Sağlığınızda ahiretiniz için hazırlık yapınız. Mahşerde herkes şiddetli bir şekilde sorguya çekilecek, çobansız bıraktığı koyunundan (başıboş bıraktığı aile fertlerinden) sorulacak. Sonra hiçbir engel ve mütercim olmaksızın Yüce Allah şöyle diyecek: “Sana benim peygamberim gelip tebliğ etmedi mi? (Hakikatleri söylemedi mi?) Ben sana mal verdim, çeşit çeşit lütuf ve ihsanda bulundum.

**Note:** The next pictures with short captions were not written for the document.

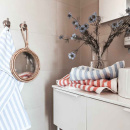 Profiilivedin Edge Straight - Valkolakattu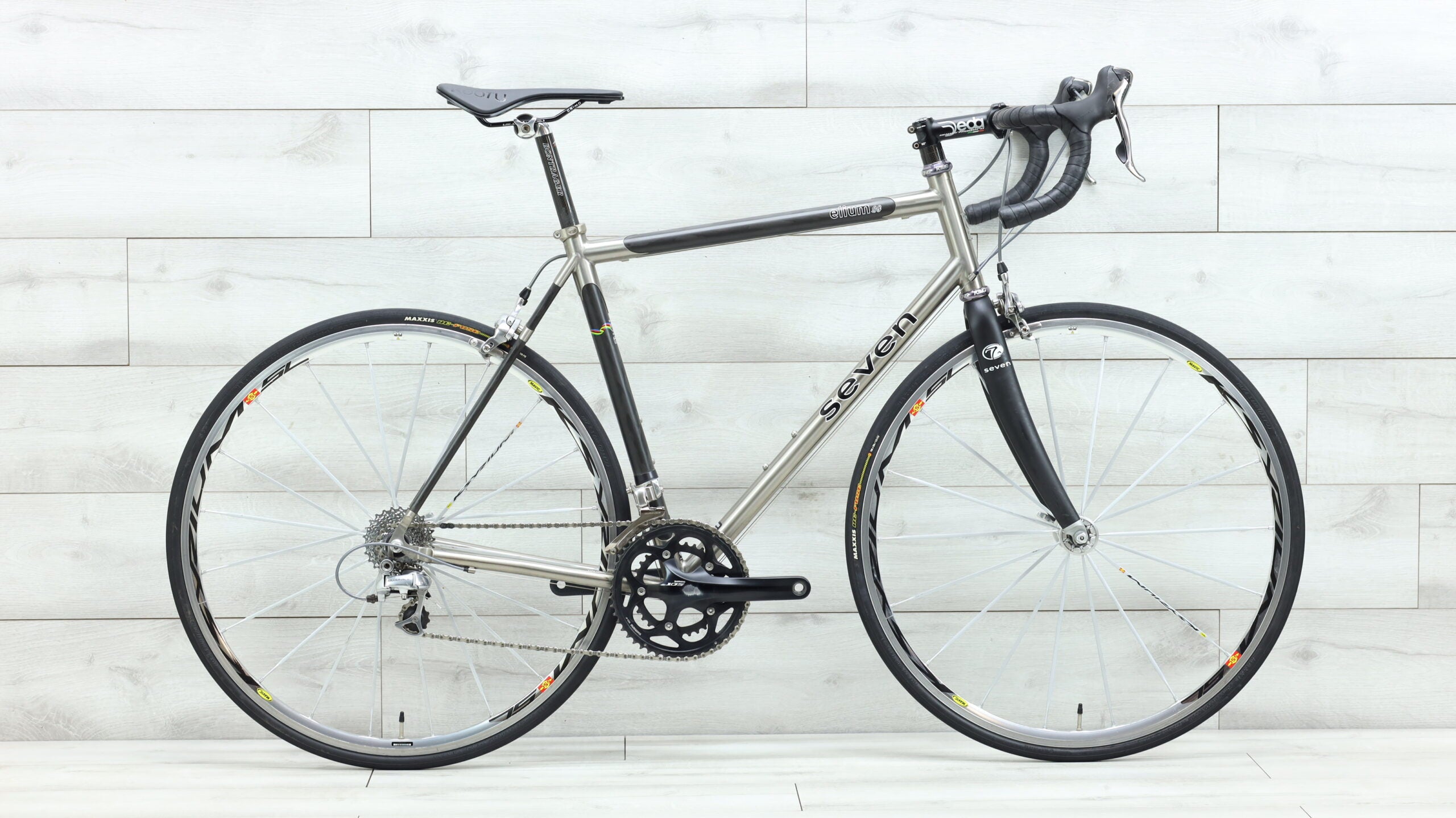 Seven discount titanium bike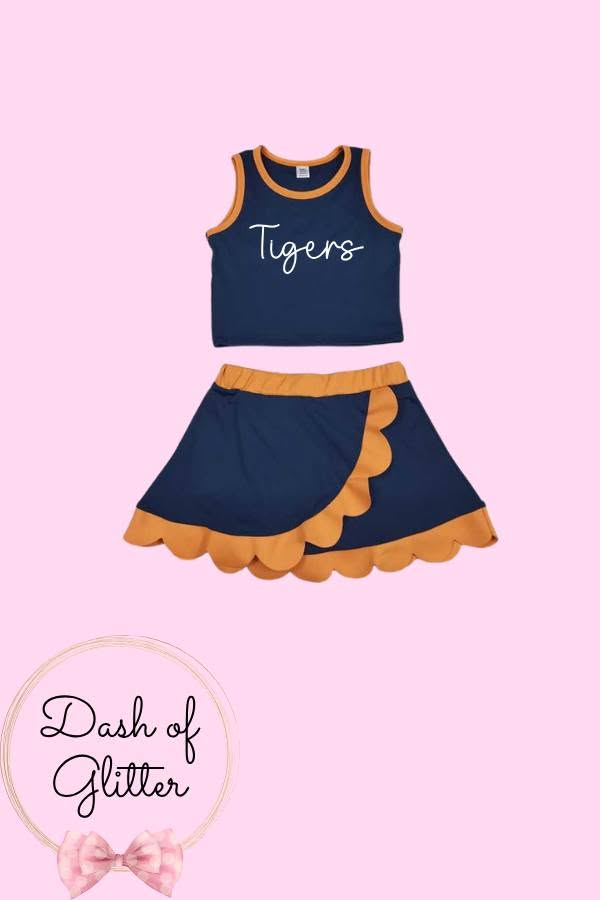 Cheer Skirt Sets- Personalization Available MANY COLORS
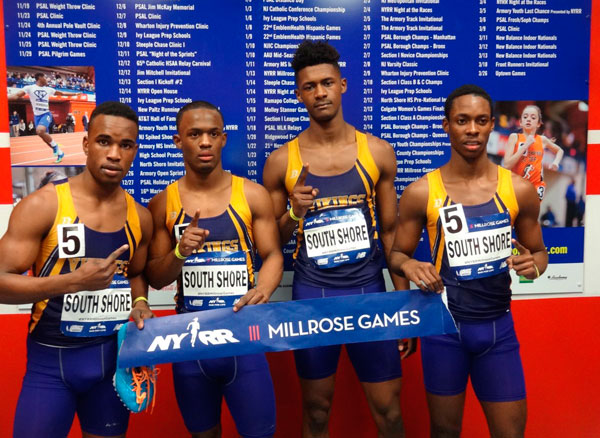 South Shore holds on for Milrose relay crown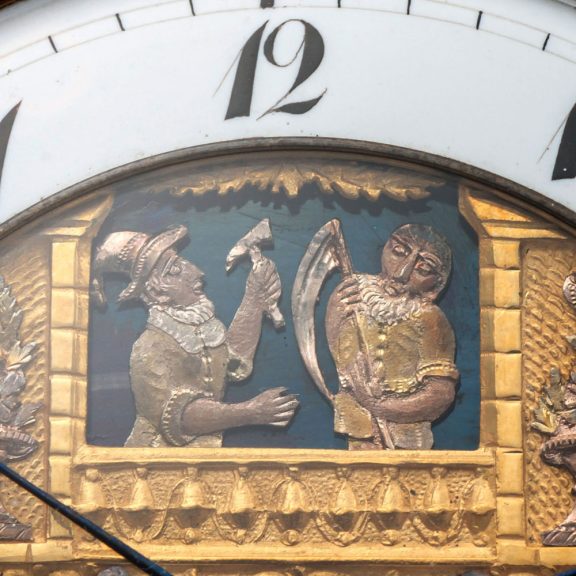 Swiss gold quarter repeating automaton watch Circa 1820 Swiss gold quarter repeating automaton watch Circa 1820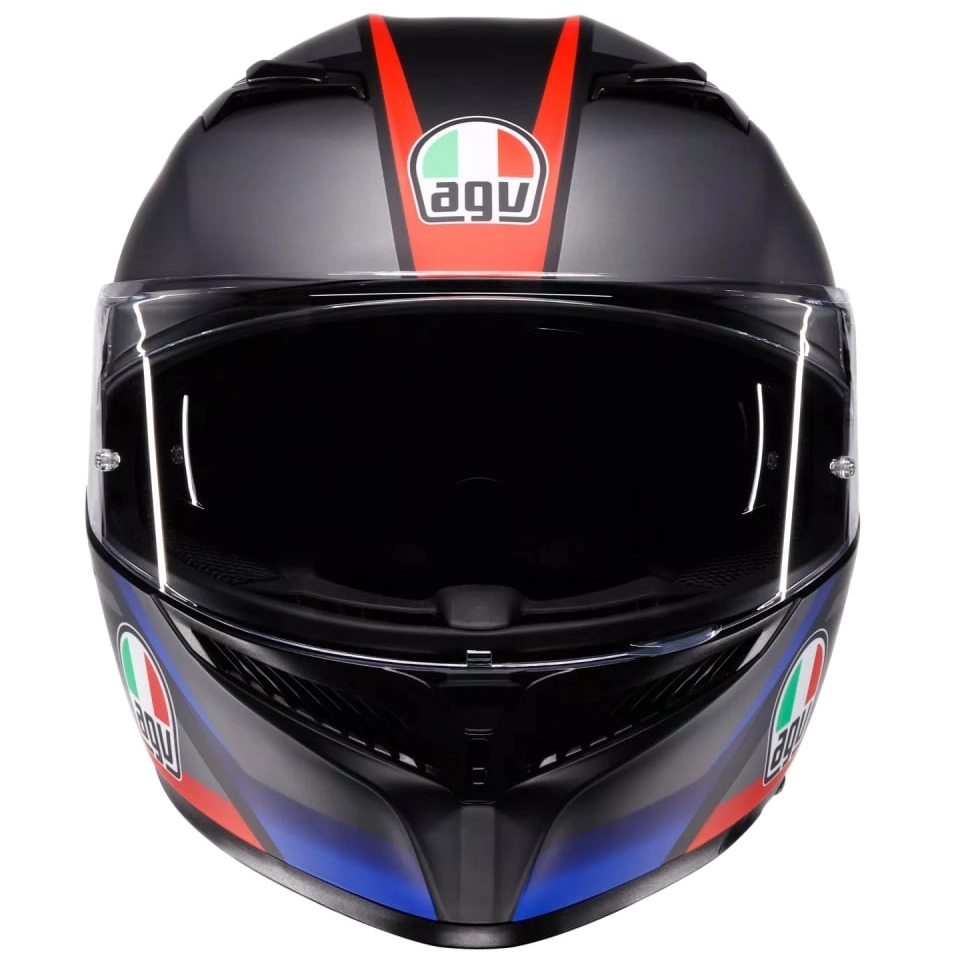 Шолом AGV K3 Striga Black/Blue/Red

Bütün bunlara karşılık sen kendin için ne hazırladın?”
Suale maruz kalan o kimse sağına soluna bakacak, hiç kimseyi göremeyecek!
Öyleyse her kim ki yarım hurma ile bile olsun ateşten kurtulabilecekse hemen o hayrı işlesin! Onu da bulamazsa hiç değilse hoş sözlerle kendini kurtarsın! Zira böyle bir iyiliğe, ondan yedi yüz misline kadar sevap vardır. Allah’ın selâmı, rahmet ve bereketi üzerinize olsun!
Allah’a hamdolsun! Allah’a hamd ederim ve O’ndan yardım isterim. Nefislerimizin şerlerinden ve kötü işlerimizden Allah’a sığınırız. Allah’ın doğru yola sevk ettiğini, kimse yanlış yola saptıramaz. Allah’ın saptırdığını da kimse doğru yola yöneltemez. Şehâdet ederim ki, Allah’tan başka hiçbir ilâh yoktur. O, birdir ve ortağı yoktur.
Sözlerin en güzeli
Sözlerin en güzeli, Allah’ın Kitâbı’dır. Her kimin ki Cenâb-ı Hak kalbini Kur’an’la süslerse, kâfir iken onu İslâm’a girdirirse ve o kişi de Kur’ân’ı her şeyden üstün tutarak başka sözlere tercih ederse işte o kimse felâh bulur, kurtulur. Doğrusu Allah’ın kitabı, sözlerin en güzeli ve en belîğidir.
Allah’ın sevdiğini seviniz, Allah’ı cân-ı gönülden seviniz. Allah’ın zikrinden usanmayınız. Allah’ın kelâmından size sıkıntı gelmesin! Zira o, size, her şeyin en üstününü ayırıp seçer. İşlerin hayırlısını, kulların seçkinleri olan peygamber kıssalarını zikreder. Helâl ve haramı açıklar. O halde Allah’a ibadet ediniz. O’ndan gereği gibi sakınınız. Sözünüz işinizi teyit etsin!
Aranızda Allah’ın kelâmını ölçü alarak birbirinizi sevip sayınız. Kesin olarak bilmelisiniz ki Allah, verdiği sözü bozanlara gazap eder. Allah’ın selâmı, üzerinize olsun! (İbn Hişam, es-Sîre, 2/146)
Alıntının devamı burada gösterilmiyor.